Deep learning with a lot of training data I am building a bidirectional LSTM to do a sequential text-tagging task (particularly, automatic punctuation). Usually, the training is done in iterations, where in each iteration, the entire training data is read, the loss is calculated, and the weights are updated to decrease the loss. But, I have a lot of training data; with even 1% of my training data, an iteration takes half a day. Moreover, I keep getting new training data, so even if I run an iteration on current training data, by the time it ends I will have more.
Obviously I can ignore or sub-sample the training data to make the iterations faster, but this seems like a wasteful way to train, since it does not use all available data. Is there a way to train the LSTM, that takes advantage of a large amount, possibly unbounded, of training data?
Ideally, I would like to create a classifier that improves with time - when I bring it new samples, it improves its performance, without having to run on previous samples. Is this possible with LSTM?
Also asked here: https://ai.stackexchange.com/q/8018/8684 with no answers yet
 A: The standard approach would be to have a generator that keeps on generating training batches (some subset of the total data such as 5000 records at once) on the fly, which would not really care, if the database keeps growing in the background. You can of course speed things up with more hardware (e.g. with the MPI version of TensorFlow you should be able to use multiple severs with multiple GPUs each, if you have access to such a system/the budget to rent it).
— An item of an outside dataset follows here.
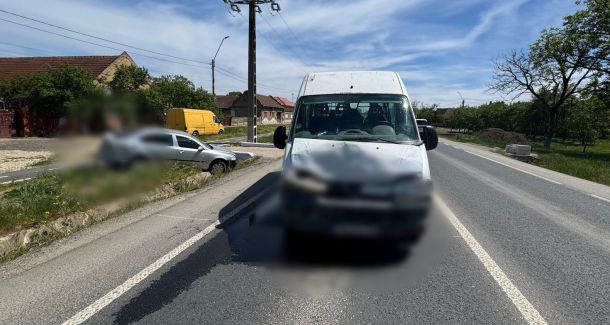White van in the foreground on a two-lane rural road after an accident; blurred front bumper and a silver car off the left roadside, blue sky above.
I would guess that your main concerns when doing this would be that firstly a model without some regularization may overfit, if you keep iterating. That might be addressed by some suitable regularization (e.g. drop-out) and having lots of data (seems to potentially be the case here). Additionally, the underlying process might change over time. You may wish to keep an eye on whether you do better training on all the data, doing iterations only on records within some training time window (e.g. last x months) that keeps moving over time, or with every now and then re-training from scratch on the most recent data within some window. It is not certain which of these would work best and it may be best to empirically evaluate it.